High pressure combustion has great potential in extracting more power from liquid fuel. This is mainly attributed to the instant vaporization because of the vanishing surface tension once the fuel goes through a supercritical process, thus energy to vaporize the fuel is saved. Another advantage is in the better mixing
that the highly dense and the highly diffused fluid possesses in that region. On the other hand, many of the modelling aspects requires to be investigated. For example, which equation of state predicts the correct density and what are the effect of the pressure and temperature dependant fluid properties on the spray development.

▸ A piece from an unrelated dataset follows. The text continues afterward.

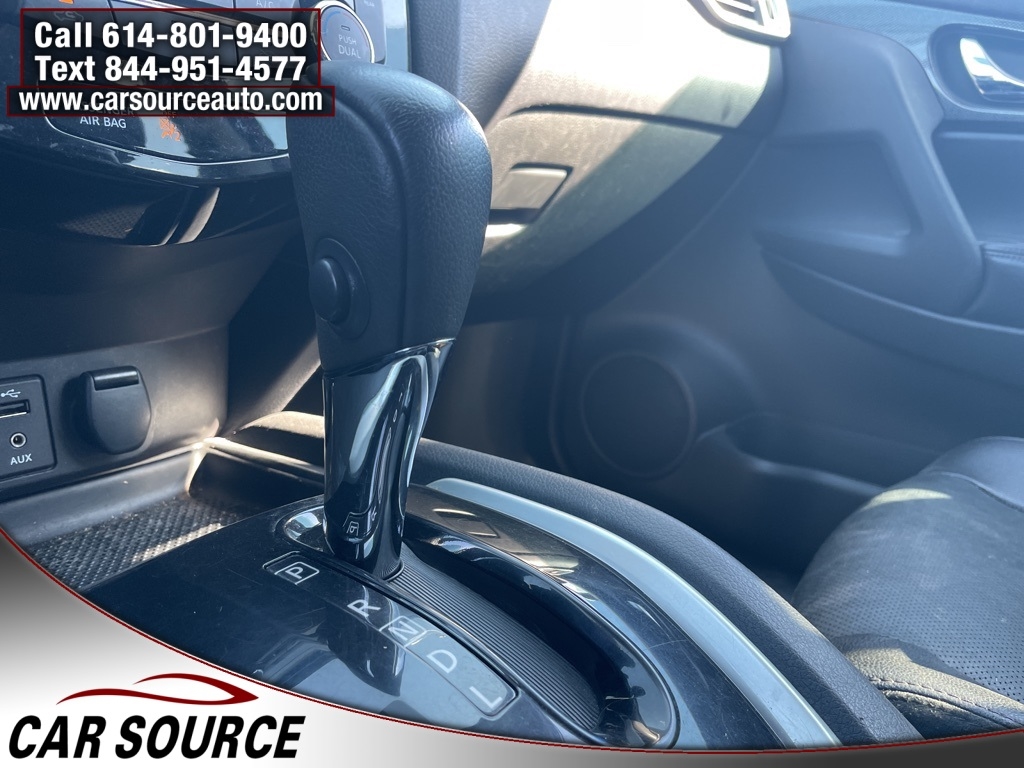 2016 Nissan Rogue SL photo 21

To isolate the effect of the high pressure combustion from other possible modelling effects and to facilitate the investigation, simulations using both OpenFOAM and CONVERGE were conducted. First the morphologies of Spray C was numerically characterized under high-temperature and high-pressure conditions. The Volume of fluid method captured the cavitation properly upon using 7.8 μm mesh. The mass flow rate and the transient of the injection process were accurately captured. Implementation of appropriate high pressure models using OpenFOAM to account for real fluid effects showed that three-parameter Redlich-Kwong Peng-Robinson equation of state were superior than two-parameters realfluid equation of state. The correctness of fuel density and viscosity is dependant of the equation of state with ideal gas equation of state being inferior to the realfluid equation of state. The combustion characteristics of Spray A were investigated using coupled Eulerian-Lagrangian approach. This approach demonstrated the ability of the modeling framework in predicting wide variety of parametric effects.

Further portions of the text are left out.